Proses toilet training A1 pernah saya mulai dari usia 20 bulan. Saat itu saya baru hangat-hangatnya membaca buku Oh Crap! Potty Training karya Jamie Glowacki. Menurut penulis, usia 20 bulan adalah rentang usia ideal untuk melakukan toilet training. Selain itu pertimbangan saya, A1 akan disapih dalam tiga bulan ke depan, bertepatan dengan usia dua tahun hijriyah. Saya pikir, sebelum disapih sepertinya akan lebih mudah toilet training dulu jadi bisa selesai satu per satu.

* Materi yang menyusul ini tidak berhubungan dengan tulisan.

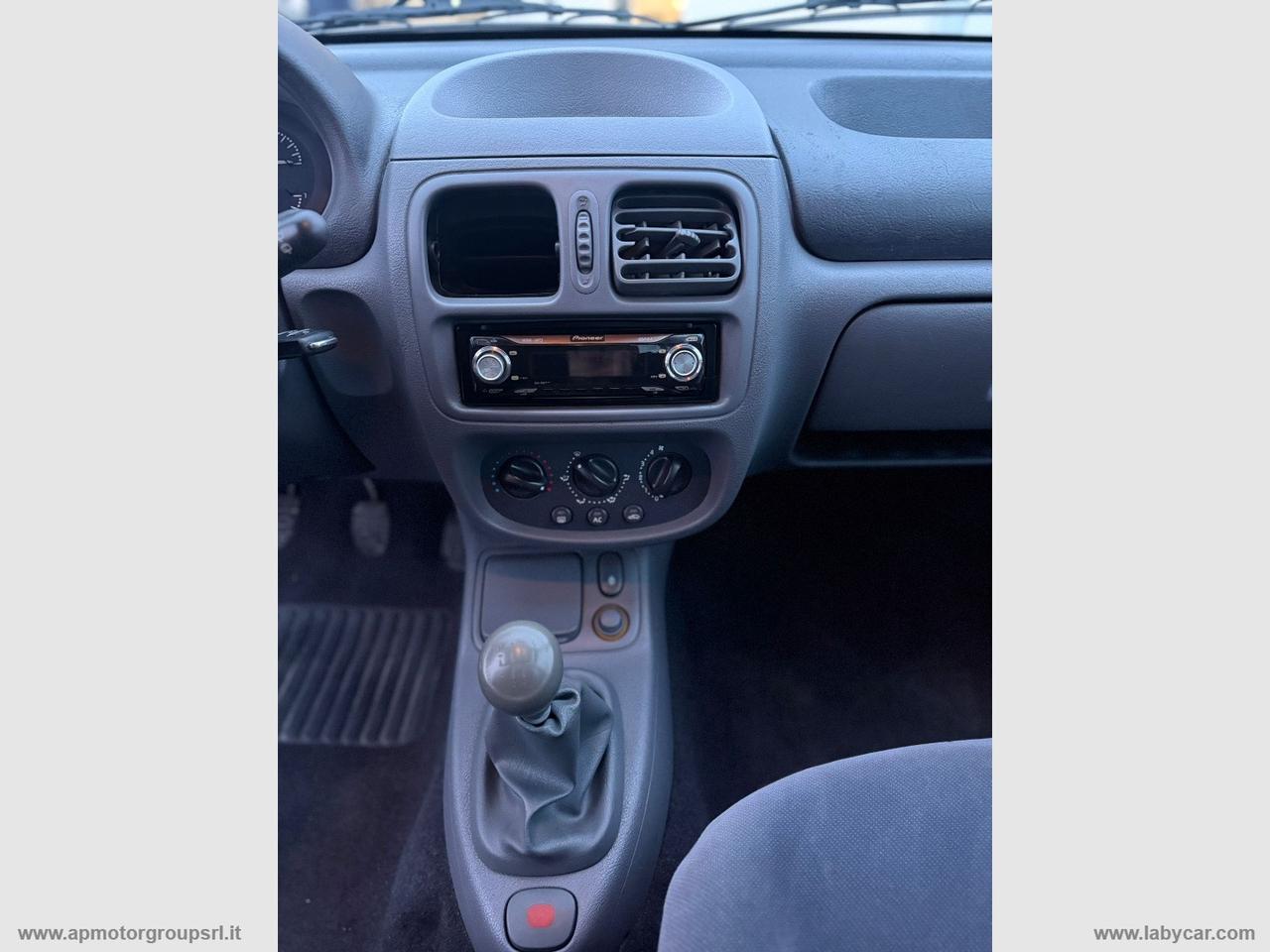 RENAULT Clio 1.2CAT 5p. RT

Ternyata nggak semudah yang dibayangkan, Saudara-saudara sekalian. A1 saat itu belum bisa komunikasi dengan lancar, jadi saya dituntut untuk sangat sabar. Saya memakai potty, yaitu sebuah ember kecil yang biasanya digunakan untuk anak belajar buang air, dan meletakkannya di dekat tempat dia beraktivitas. Jadi ke mana pun A1 pergi, saya membawa potty itu dan meletakkan di dekatnya. Harapannya adalah saat A1 terlihat ingin buang air, saya dengan mudah meletakkannya di atas potty tanpa membuang banyak waktu dan tenaga. Saya juga memakai metode di buku yaitu melepas pakaiannya agar orang tua tahu bagaimana reaksi anak ketika ingin buang air. Dibantu juga dengan sounding berulang-ulang, “Kalau mau pipis atau ee bilang ya“.

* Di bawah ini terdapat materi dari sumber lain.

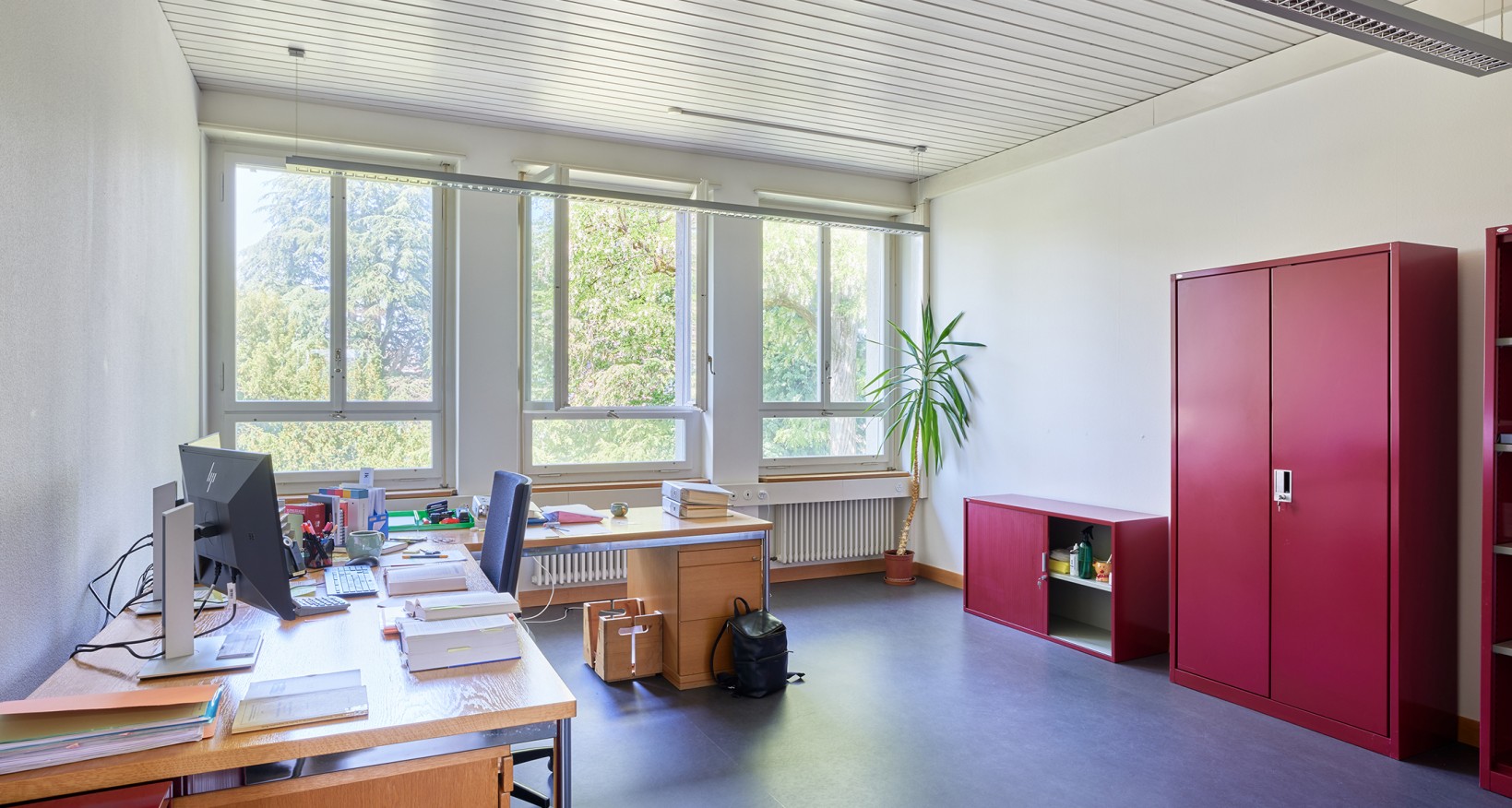 An zentraler Lage in Aaraus Altstadt vermieten wir an der Laurenzenvorstadt 9 im 1. und 2. Obergeschoss je 463 m² ausgebaute Büroflächen.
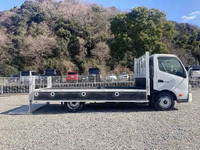 HINO Dutro Flat Body SKG-XZC710M 2011 64,608km_8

Selama tiga atau empat hari melakukannya, saya menyerah. A1 belum bisa mengutarakan keinginan buang air jadi saya harus mengepel di mana-mana. Saya juga belum ngeh tanda-tanda A1 mau buang air. Stres sekali rasanya apalagi A1 kelihatan belum paham kalau dia sudah nggak pakai diaper. Akhirnya saya menunda proses toilet training ini sampai saya dan anak siap.
Saya mulai lagi toilet training putaran kedua saat A1 berumur 27 bulan. Saat itu kami memang baru pindah rumah jadi saya menunggu A1 adaptasi dan nyaman tinggal di rumah baru. Alhamdulillaah saat itu A1 sudah mulai bisa komunikasi dan saya paham apa yang ia inginkan. A1 juga menunjukkan tanda-tanda nggak nyaman pakai diaper lagi. Jadi bismillaah saya coba untuk kedua kalinya.

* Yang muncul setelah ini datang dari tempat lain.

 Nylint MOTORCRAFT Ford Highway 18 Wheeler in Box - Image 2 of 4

Qadarullaah, saat memutuskan toilet training suami lagi ada tugas kerja di luar kota selama lima hari, jadi saya berdua saja dengan A1. Hari pertama saya terlalu idealis langsung dudukin A1 ke WC biasa. Sebelumnya saya sudah membeli dudukan toilet keluarga jadi ada dua jenis dudukan, yaitu untuk anak dan dewasa. Saya pikir, akan lebih mudah kalau A1 langsung ke toilet jadi saya nggak kerja dua kali, yaitu melatih A1 buang air di potty lalu baru ke WC. Ternyata nggak seindah itu, haha.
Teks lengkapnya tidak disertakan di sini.